0
votes

I'm trying to learn whether in Java 8, a nested static class in a controller (singleton class) is also static and could be shared between requests?

This is legacy code I'm cleaning up because of a possible race condition: The controller had multiple private fields. I moved them to a static nested class and created an instance of that class each time the request hits the controller. Then I pass that object around to private methods for calculations.

I'm being told that static nested classes in singletons have only one instance of the sub-class in memory, and if it's hit with 2 requests, the second one will stick. Also being warned that someone could move this static class outside, which is not a good approach to take (?)

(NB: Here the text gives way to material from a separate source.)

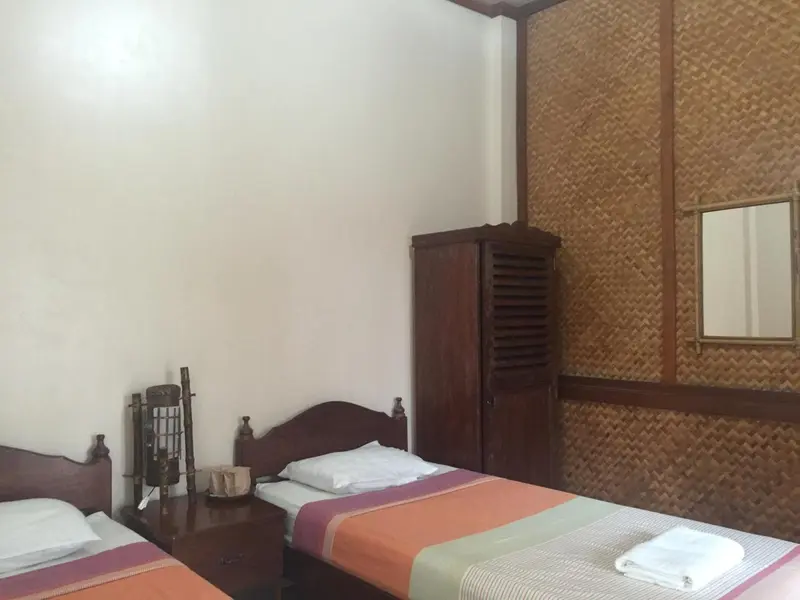 Une chambre avec deux lits simples et un meuble en bois.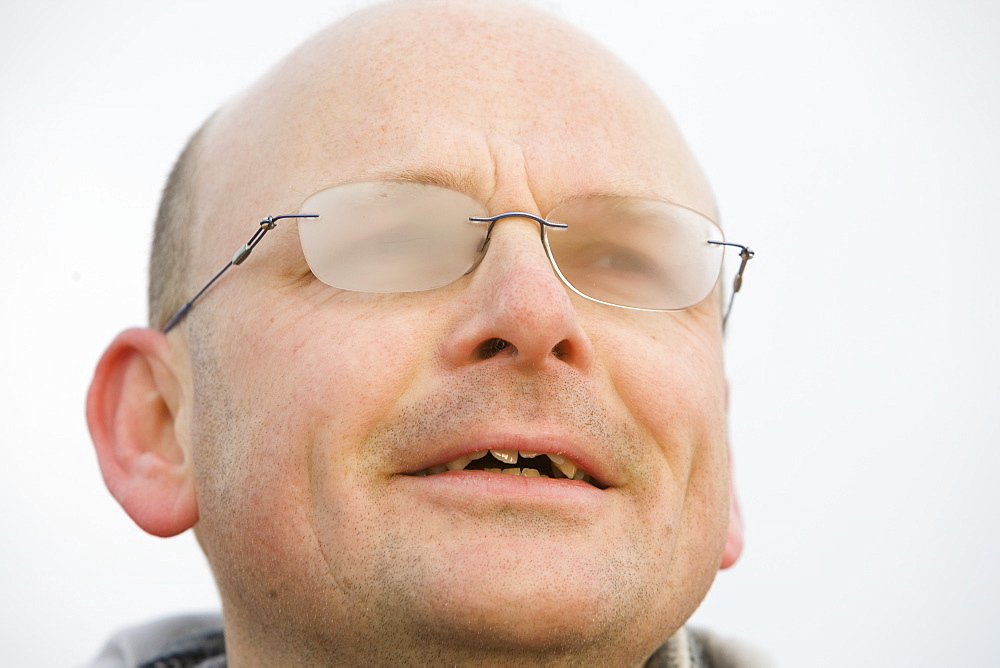 A man with steamed up glasses in cold weather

There are a lot of answers around the difference between static class & singletons. Have found on Oracle docs: In effect, a static nested class is behaviorally a top-level class that has been nested in another top-level class for packaging convenience.

=== But I haven't found anything about a static nested class IN a singleton ===

I tried it out: paused a thread in handleRequest and started a second one, and found the instances of the static nested class were different and contained different values. This is what I expect, given the documentation, but I don't know for sure, because I can't find anything about a static nested class WITHIN A SINGLETON.

Am I missing something? Is it possible this will fail? Is there a better solution?

public class MyController extends WebContentGenerator implements Controller {

  @Override
  public ModelAndView handleRequest(HttpServletRequest request, HttpServletResponse response) throws Exception
  {
    ReportParameters params = new ReportParameters();
    initVars(request, params);
    doWork(params);
    return null;
  }

  private void initVars(HttpServletRequest request, ReportParameters params)
  {
    params.flag = "Y".equals(request.getParameter("flag"));
    params.message = "Hello world";
  }

  private void doWork(ReportParameters params)
  {
    if (params.flag)
      params.message = "foo";
  }

  private static class ReportParameters
  {
    private boolean flag;
    private String message;
  }
}
1

1 Answers

5
votes

A static nested class is no different than a top-level class: every time you use new to create an instance, you... create an instance. If you create an instance more than once, then by definition, it's not a singleton. The fact that it's created from a singleton is competely irrelevant. The JVM doesn't even have the notion of a singleton: it's just an architectural choice.